Abseits der absehbaren Mehrbelastung für Nutzer birgt die geplante Digitalsteuer in Deutschland eine ganze Reihe struktureller Risiken. Sie trifft vor allem internationale Technologiekonzerne, doch ihre Nebenwirkungen könnten gerade den Standort Deutschland empfindlich schwächen. Start-ups und mittelständische IT-Dienstleister, die auf internationale Plattformen angewiesen sind, geraten durch höhere Gebühren zusätzlich unter Druck. Innovation wird nicht belohnt, sondern besteuert – ein Signal, das Investoren abschreckt und die ohnehin schleppende Digitalisierung weiter lähmt.
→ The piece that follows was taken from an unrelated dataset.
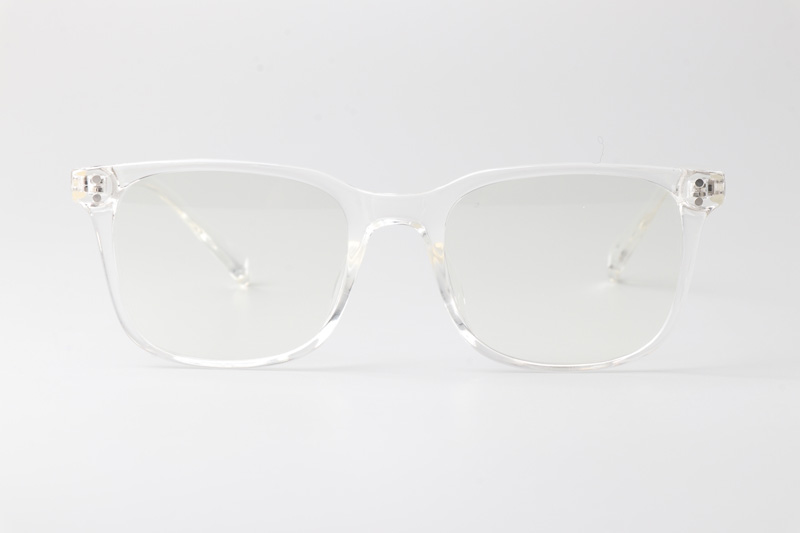 WT5025 Eyeglasses Transparent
Hinzu kommt das bereits beschriebene Risiko wachsender Handelskonflikte: Wer digital kassiert, muss mit analogen Gegenmaßnahmen rechnen. Letztlich untergräbt die Abgabe die Wettbewerbsfähigkeit Deutschlands, ohne dem Land selbst einen funktionierenden Tech-Sektor zu verschaffen.
Am Ende bleibt die Digitalsteuer ein symbolpolitischer Akt – machtpolitisch motiviert, wirtschaftlich fragwürdig. Man verheddert sich wieder im Klein-Klein, passiv-aggressiv, ohne Vision, ohne zukunftsöffnende Kreativität. Ultima Ratio bleibt stets der Steuerhammer. Diese Steuer trifft nicht die Monopole, sondern deren Nutzer, nicht die Tech-Unternehmen, sondern die Kleinen im digitalen Ökosystem. Und sie zeugt einmal mehr von jenem europäischen Reflex, Regeln zu schaffen, wo eigentlich dem freien Wettbewerb maximale Entfaltungsmöglichkeit bereitet werden müsste.